Blank pages can’t garner any partial credit.
- Regarding
multiple choice questions: (a)
Never completely skip an item; there
is no penalty for guessing. (b)
Often, it is easier to eliminate one or more WRONG answers than it is
to immediately spot the RIGHT answer; doing
this can increase your odds of a correct guess considerably.
(c) It can help to try
to answer the question BEFORE looking at any of the response alternatives.

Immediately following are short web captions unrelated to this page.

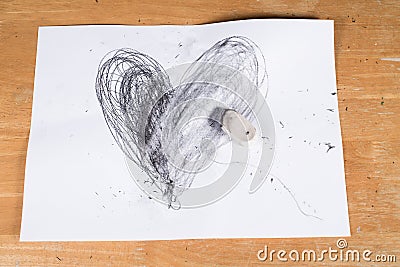 Broken Heart, Heart deleted by Eraser Stock Photo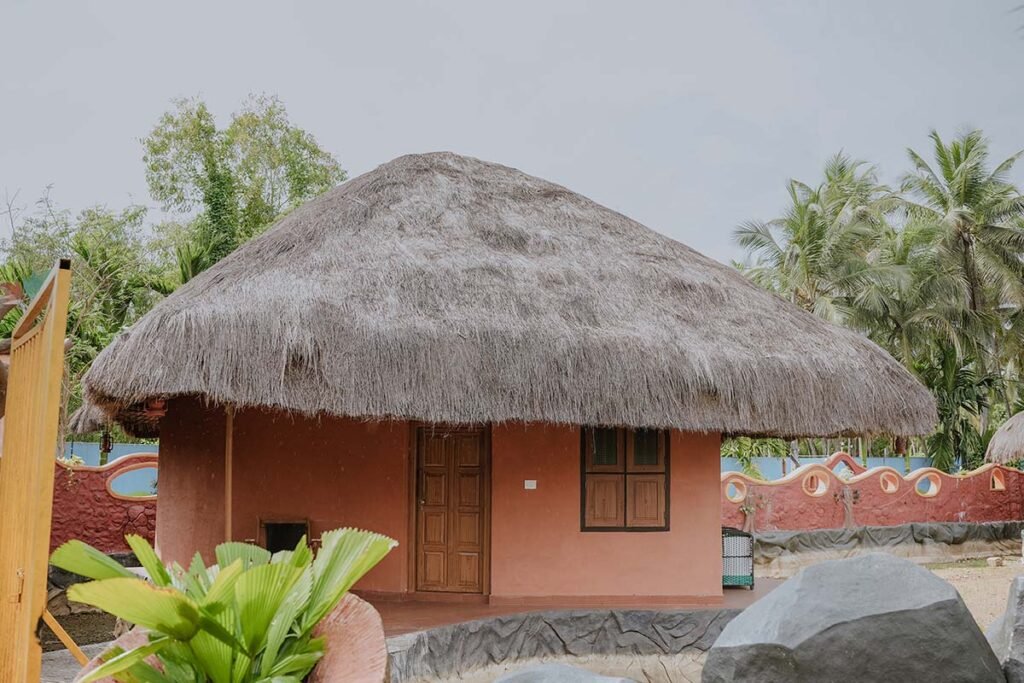Traditional mud house accommodation at Arco Park ’N’ Resort, Kasaragod
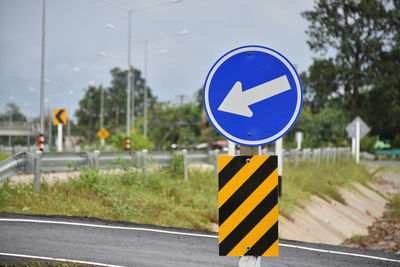 Road sign against blue sky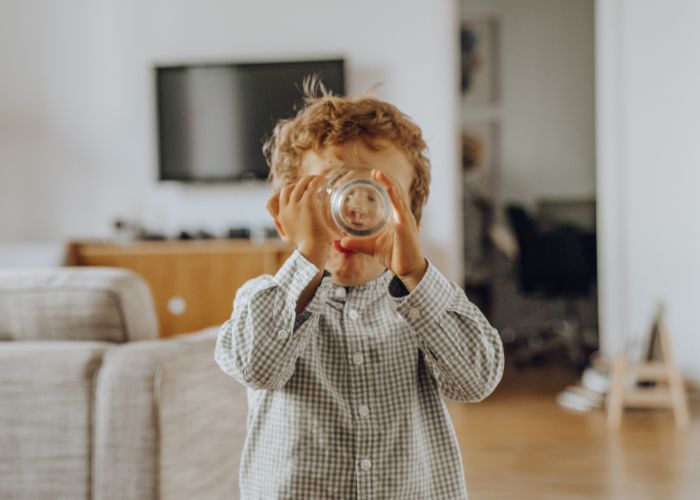 Junge trinkt ein Glas Wasser - ausreichend Flüssigkeit für ein starkes Immunsystem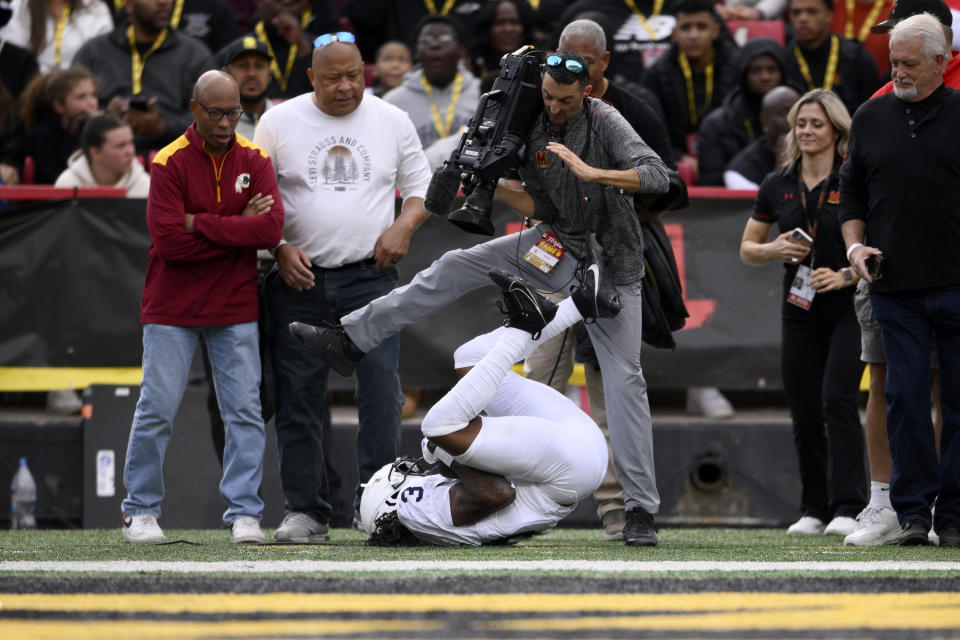 Penn State wide receiver Dante Cephas (3) rolls into a TV cameraman after scoring a touchdown during the first half of an NCAA college football game against Maryland, Saturday, Nov. 4, 2023, in College Park, Md. (AP Photo/Nick Wass)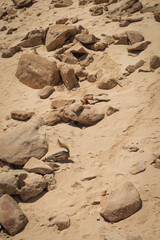 Fototapeta na wymiar Desert landscape with sand and rocks of a beach on Fuerteventura island. Fuerteventura, Canary Islands, Spain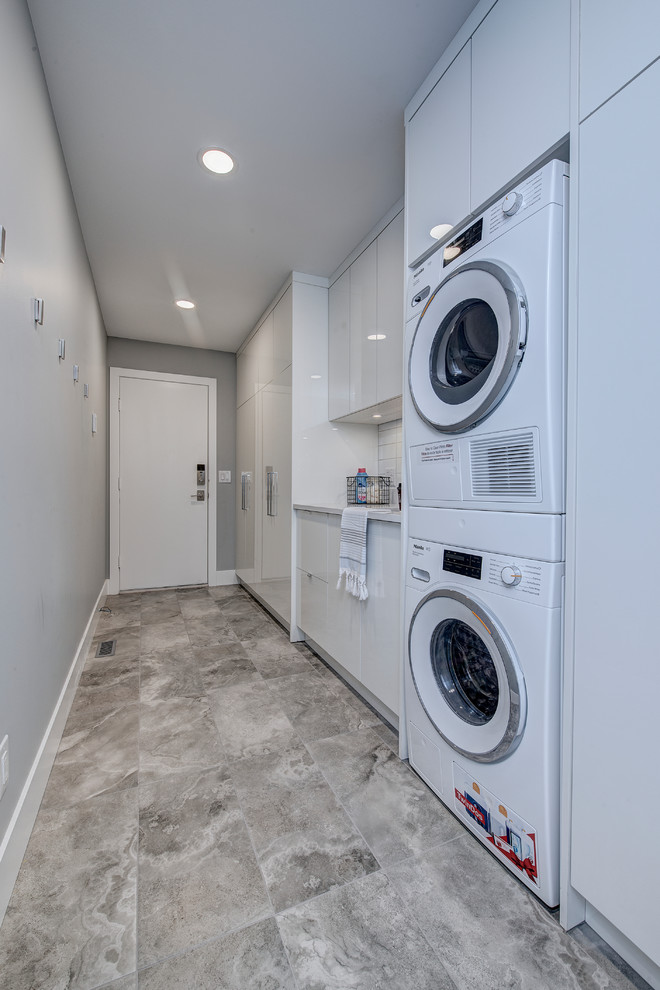 This is an example of a mid-sized contemporary single-wall dedicated laundry room in Calgary with an undermount sink, flat-panel cabinets, white cabinets, quartz benchtops, grey walls, limestone floors, a stacked washer and dryer, grey floor and white benchtop.
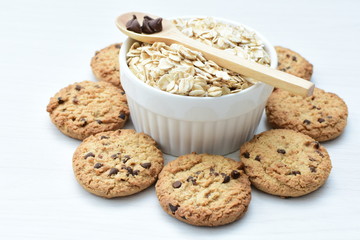 Oatmeal cookies and chocolate chips on light background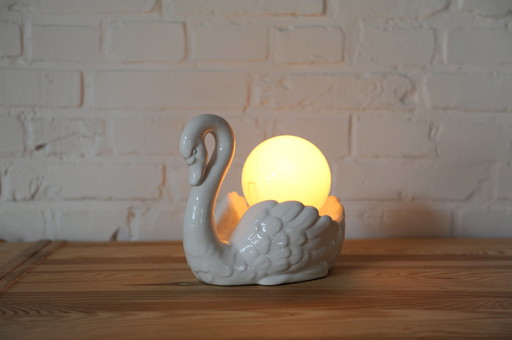 Sculptural porcelain table lamp in the shape of a swan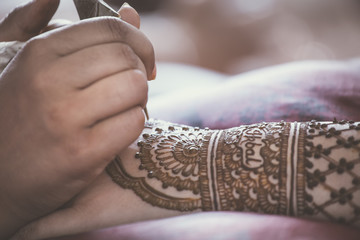Indian bride's pre wedding henna mehendi close up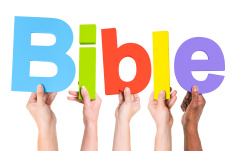 stock-photo-38782648-group-of-multiethnic-hands-holding-bible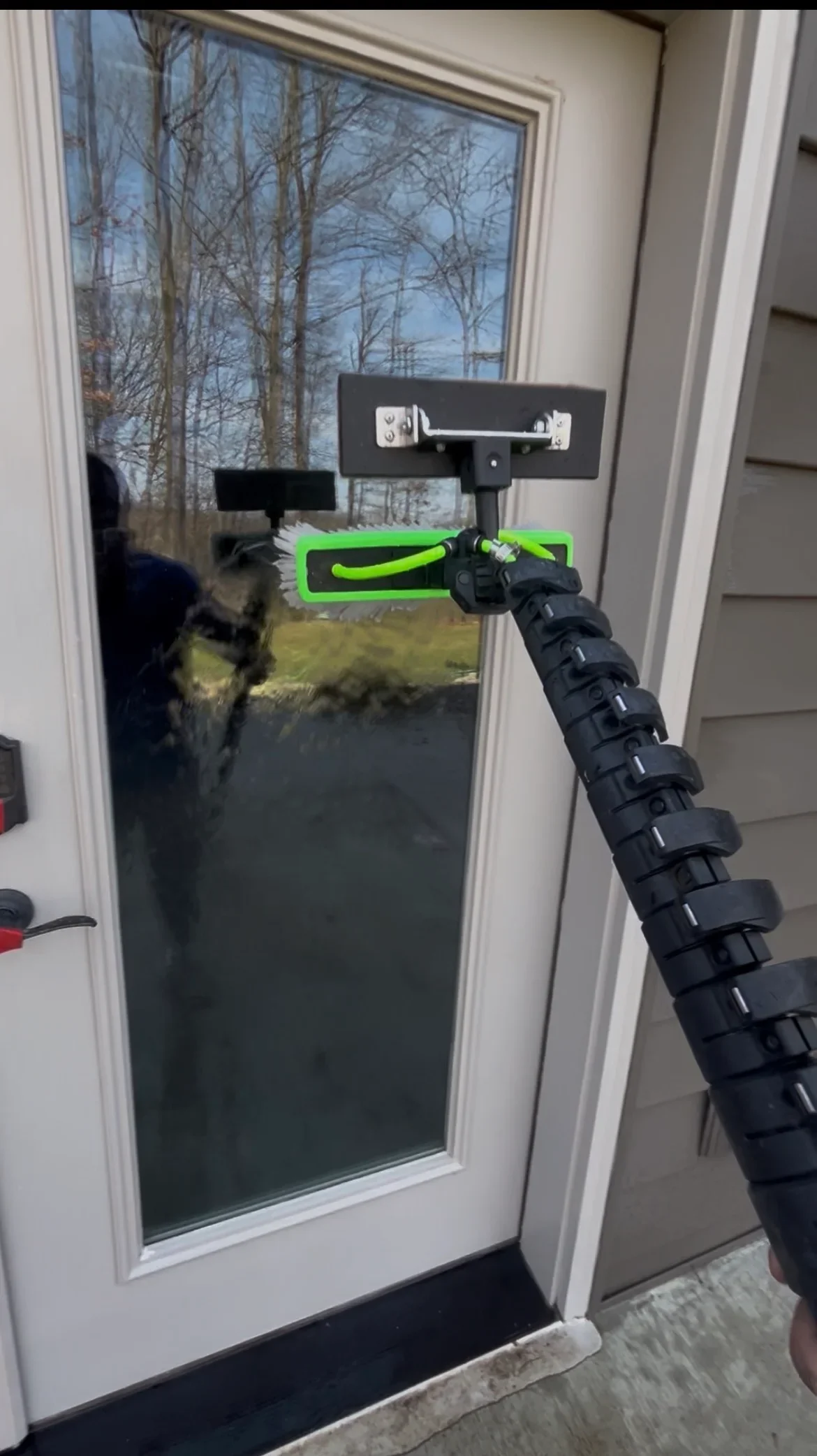 Window cleaning service using squeegee on residential glass door panel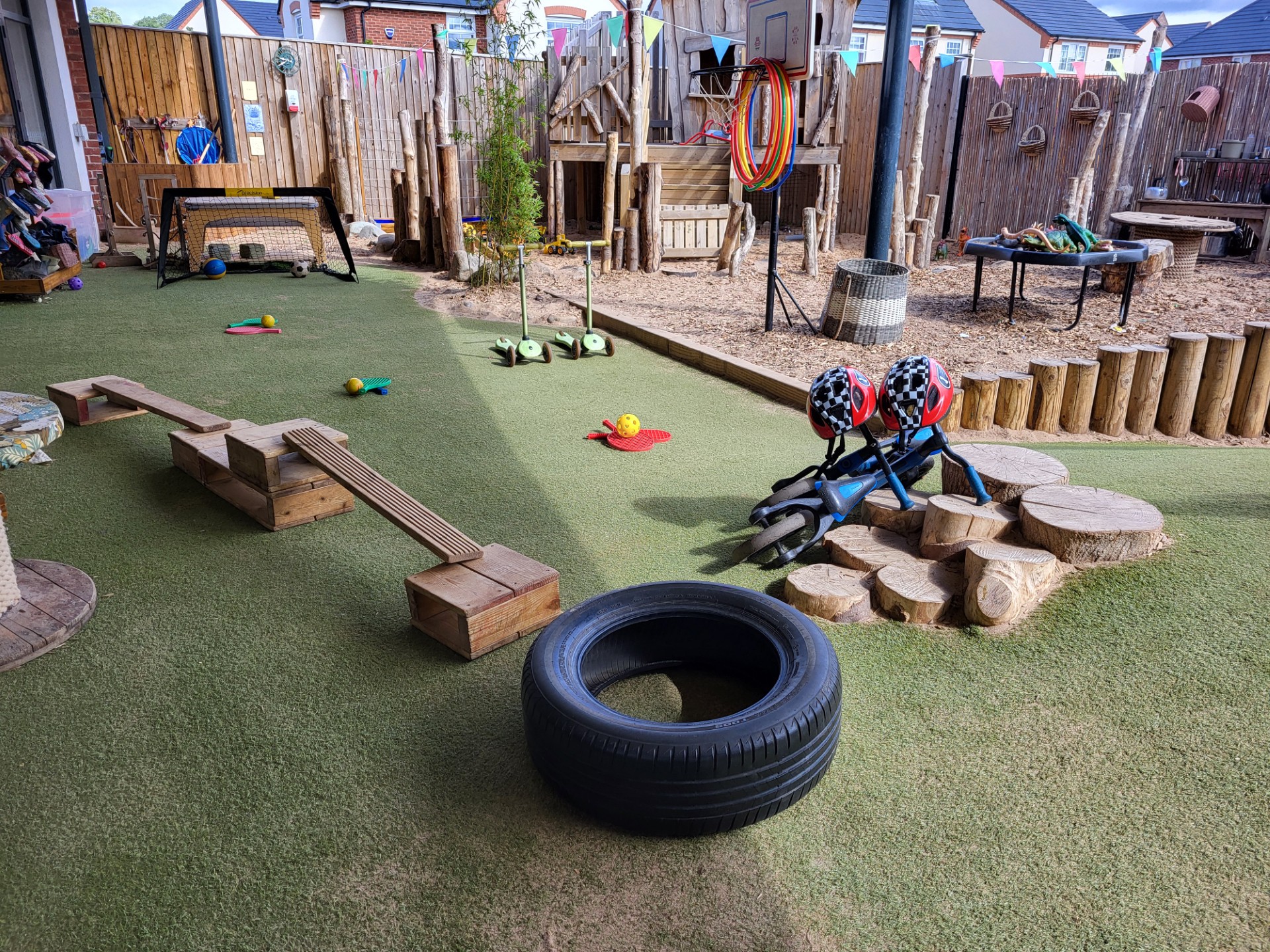 A black tire sits on artificial turf, surrounded by wooden balance beams, stepping logs and scooters; two children's helmets rest on a fallen tricycle in a fenced outdoor playground.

That way, you won’t be fooled by response choices that are
deliberately designed to trap, trick, or fool you.
(d) Unless you have a
clear and compelling reason for doing so, never change
your answer; trust your
gut. Research indicates that
first impressions have a greater than chance probability of being correct;
what’s going on neurologically is that your right hemisphere knows
the answer, but can’t articulate how it knows. (e) As an absolute last resort, count how many times you
have used the A, B, C, and D responses;
most instructors, including myself, try to make each of these the
correct answer approximately the same proportion of the time, so in
guessing, an underused letter is a good selection.
- Do
make an appointment to meet with me in person. Admittedly, I’m not in my office all of the time, but
I’m committed to meeting with students who want help.
- Take
advantage of tutoring opportunities on campus. This semester, Jenny Rausch
is serving as the psychology tutor.
Her schedule is posted
at the campus tutoring center. Many students find it easier to talk with a peer than
with an instructor.
- Don’t
set yourself up for failure by giving up prematurely or by searching for
someone or something else to blame. Instead,
make a specific diagnosis of what’s going wrong and develop a strategy to
fix it. Is the problem one of
note-taking, of studying, or of test-taking?
Studies indicate that half of academic failures are due, not to a
lack of ability, but to faulty assumptions – self-blame or scapegoating
the instructor, neither of which do much good.
- Put
your academic performance in context. It’s
one class. A bad grade is not a
death sentence. Academic
success is important; so is
being a generous, responsible, caring, decent human being.